Singapore eases home finance rules


Sebastian Tong


July 20, 2005


Singapore eased restrictions on property financing and foreign home ownership Tuesday in a move that analysts say would boost the city-state's fragile property market.

Singapore Minister of National Development Mah Bow Tan told parliament that buyers would be allowed to borrow more from banks and use more of their pension funds to finance property purchases.

He also said the government has decided to make it easier for foreigners to buy private homes. In Singapore, 93 percent of the population owns a home - the highest ownership level in Asia.

The eagerly anticipated announcement, which will take effect immediately, gave a boost to property-related stocks on the Singapore stock exchange.

Virtually all property stocks soared to multi-year highs. The property index jumped 8.4 percent - its biggest rise since December 2001 - to its highest level in more than five years.

The broader market rose 2 percent, its biggest single-day jump since May 2004, to close at its highest level since January 2000.

Bank stocks, such as DBS Group Holdings and Oversea-Chinese Banking Corp, also gained on investor hopes of rising demand for home loans.

Singapore real-estate prices are about 36 percent down from 1996 peaks and analysts say the new measures will spur a property sector recovery that has lagged other cities in Asia. ``It opens the window for those at the margins who couldn't afford to buy property before. It just depends on whether banks will take the risk or not,'' said GK Goh Economist Song Seng Wun.

Under the new regulations, property buyers will be able to borrow up to 90 percent of the total purchase price instead of the previous 80 percent.

The bank lending limit was introduced in 1996, just before the Asian financial crisis, as part of a raft of measures designed to cool an overheating property market.

Mah also said the central bank would study how to make mortgage insurance available in Singapore to protect banks against losses arising from loan defaults.

Under the new rules, buyers will also be able to use pension funds to buy private properties with 30 to 60 year leases.
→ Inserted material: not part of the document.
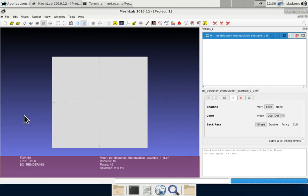When I run MeshLab, I don't get anything particularly interesting because this is actually a Polygon Mesh display application. So it's really meant for displaying three-dimensional objects.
Previously, buyers could tap their mandatory pension savings to finance properties that had at least 60 years until the assets reverted to the holder of lease.

``This will give buyers a wider choice of financing options when purchasing properties,'' Mah said.

Singapore is also easing restrictions on foreign home ownership, allowing foreigners to buy apartments in buildings with less than six floors.

But foreigners will still need approval to buy landed property. Analysts also said investor confidence remained the key factor for the trade-dependent country as it was facing an uncertain export outlook.

``The question remains whether this move will make borrowers any more comfortable than they were before, given the jobs situation and the general lack of confidence among consumers,'' said Daiwa Institute of Research analyst David Lum.

Over 80 percent of the 4.5 million Singaporeans live in public flats purchased from the state housing agency.